To improve viewing comfort, the convergence distance of a stereoscopic image can be adjusted so that the convergence distance approximates the natural convergence distance of human eyes. Such adjustment of the convergence distance may be accomplished by horizontally shifting the left image and/or the right image of the stereoscopic image, i.e., by changing the horizontal disparity between the left and right images.

Embodiments of the invention provide for automatic convergence of stereoscopic images based on face detection. More specifically, the convergence distance of a stereoscopic image is automatically reduced based on a face detected in the scene in the stereoscopic image. That is, a face detected in a stereoscopic image is selected, and the left image and/or the right image of the stereoscopic image is then shifted such that the horizontal disparity between the selected face in the left image and the selected face in the right image is reduced. In some embodiments, the horizontal disparity is reduced to zero after the left image and/or right image is shifted. The amount(s) of horizontal shifting and the direction(s) of the shifting are determined based on the horizontal disparity between the face in the left image and the face in the right image.

In some embodiments, when multiple faces are detected in a stereoscopic image, various criteria are applied to select an appropriate face for convergence from the multiple faces. The criteria may be based on one or more of the relative sizes, locations, and convergence metrics of the detected faces, and disparity limit(s). Disparity limit(s) are explained in more detail herein.

The horizontal disparity between a face in a left image of a stereoscopic image and a face in the right image may be determined as the difference between the X coordinate of a pixel in the left face and the X coordinate of the corresponding pixel in the right face. In some embodiments, the horizontal disparity is calculated as X_R−X_Land in other embodiments the horizontal disparity is calculated as X_L−X_R, where X_Ris the X coordinate of a pixel in the right face and X_Lis the X coordinate of the corresponding pixel in the left face. In some embodiments, the pixels used for the horizontal disparity calculation are the center pixels of the left and right faces.
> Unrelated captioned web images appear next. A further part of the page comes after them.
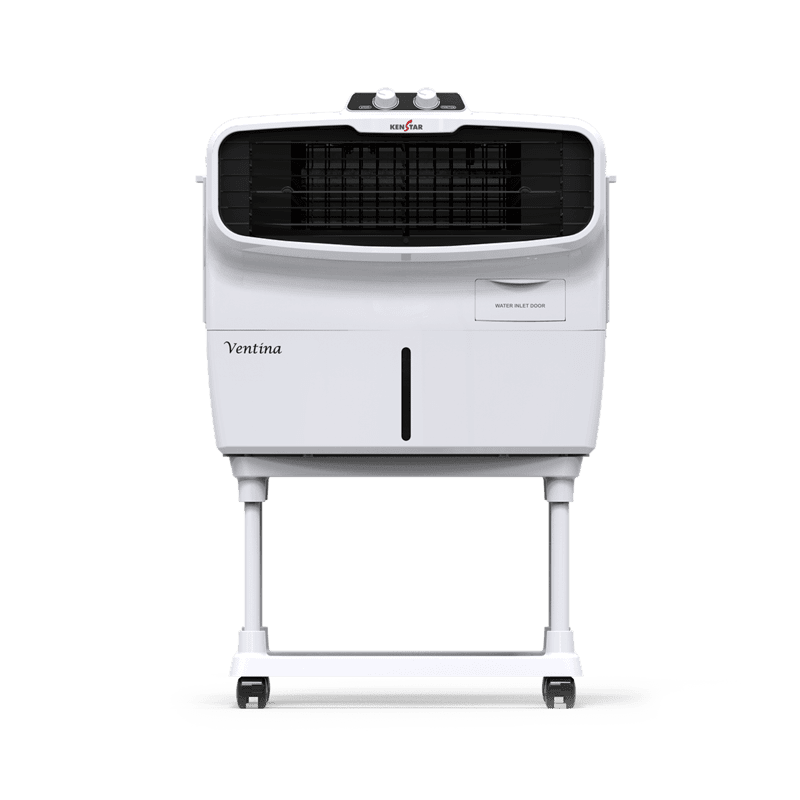 Kenstar Ventina 60 litre 200 Watts Window Air Cooler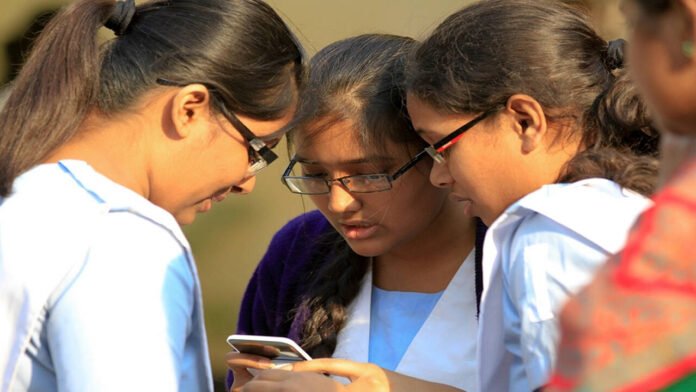 ২০২৬ সালের এসএসসি পরীক্ষার প্রবেশপত্র বিতরণের সময়সূচি প্রকাশ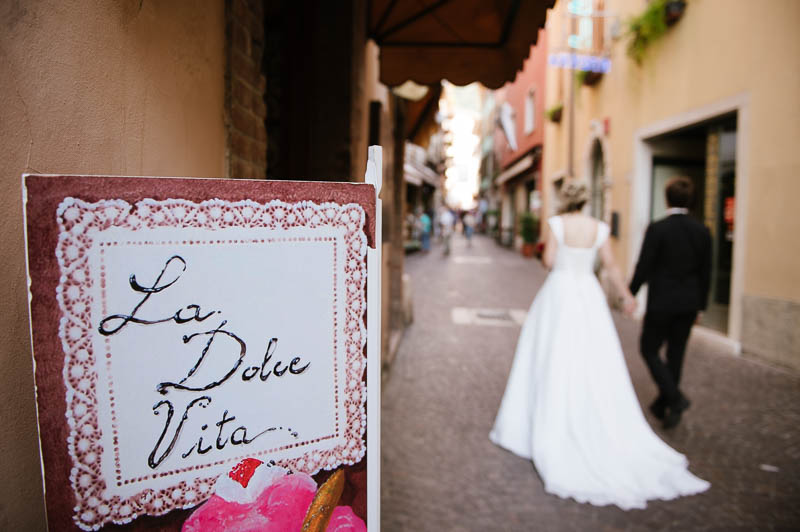 Lake-garda-wedding-photographer-destination-italy-074
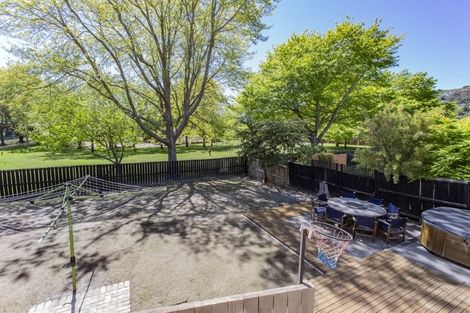 Photo of property in 26 Gunns Crescent, Cashmere, Christchurch, 8022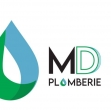 MD PLOMBERIE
The descriptions of the illustrative embodiments and examples herein assume that the horizontal disparity between left and right faces is calculated as X_R−X_Land that both the left and the right images are shifted. Further, the descriptions assume that horizontal disparity between the left and right faces is to be reduced to zero. One of ordinary skill in the art, having benefit of this disclosure, will understand other embodiments in which the horizontal disparity is calculated as X_L−X_Rand/or in which only the left image or the right image is shifted and/or which the amount the horizontal disparity is reduced is greater than zero without need for additional explanation.

FIG. 1 shows a block diagram of stereoscopic imaging system 100 in accordance with one or more embodiments. The stereoscopic imaging system 100 includes a stereo imaging component 102, an image processing component 104, a resize component 106, a face detection component 108, a convergence computation component 110, a convergence adjustment component 112, and a stereoscopic display 114.

The stereo imaging component 102 includes two lens configurations, two apertures, and two imaging sensors arranged to capture image signals of a scene from a left viewpoint and a right viewpoint. That is, one lens configuration, aperture, and imaging sensor is arranged to capture an image signal from the left viewpoint, i.e., a left analog image signal, and the other lens configuration, aperture, and imaging sensor is arranged to capture an image signal from the right view point, i.e., a right analog image signal. A lens configuration and aperture may be any suitable lens configuration and aperture. For example, a lens configuration may include a zoom lens and a focus lens. An imaging sensor may be any suitable imaging sensor such as, for example, a CMOS (Complementary Metal-Oxide Semiconductor) or CCD (Charge Coupled Device) image sensor. The stereo imaging component 102 also includes circuitry for controlling various aspects of the operation of the component, such as, for example, lens position, aperture opening amount, exposure time, etc. The stereo imaging component 102 further includes functionality to convert the left and right analog image signals to left and right digital image signals and to provide the left and right digital image signals to the image processing component 104.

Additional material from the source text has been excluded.